### Exercise requirements
A word-for-word copy of the listing, free of images, is the expected answer.

### Dataset section
==*==
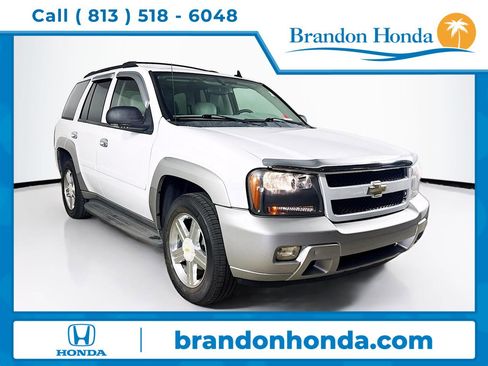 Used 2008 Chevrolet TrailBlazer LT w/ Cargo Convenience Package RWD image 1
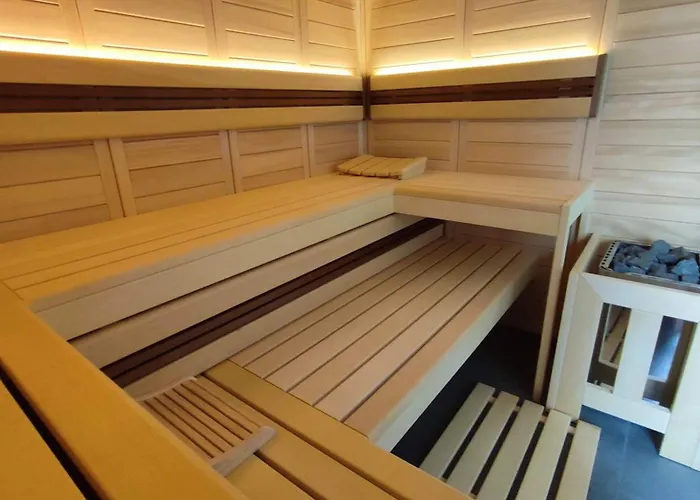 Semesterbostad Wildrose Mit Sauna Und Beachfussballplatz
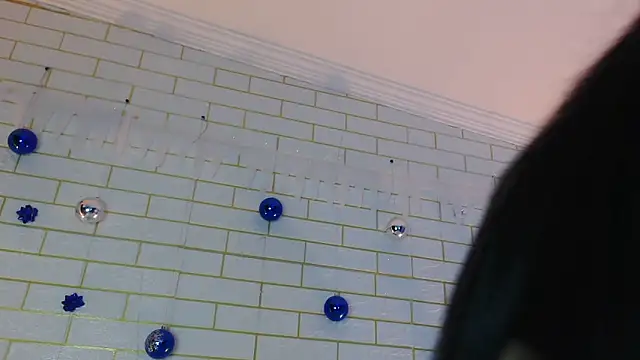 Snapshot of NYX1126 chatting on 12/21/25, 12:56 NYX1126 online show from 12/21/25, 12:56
==*==
### Answer to this task
 Used 2008 Chevrolet TrailBlazer LT w/ Cargo Convenience Package RWD image 1
 Semesterbostad Wildrose Mit Sauna Und Beachfussballplatz
 Snapshot of NYX1126 chatting on 12/21/25, 12:56 NYX1126 online show from 12/21/25, 12:56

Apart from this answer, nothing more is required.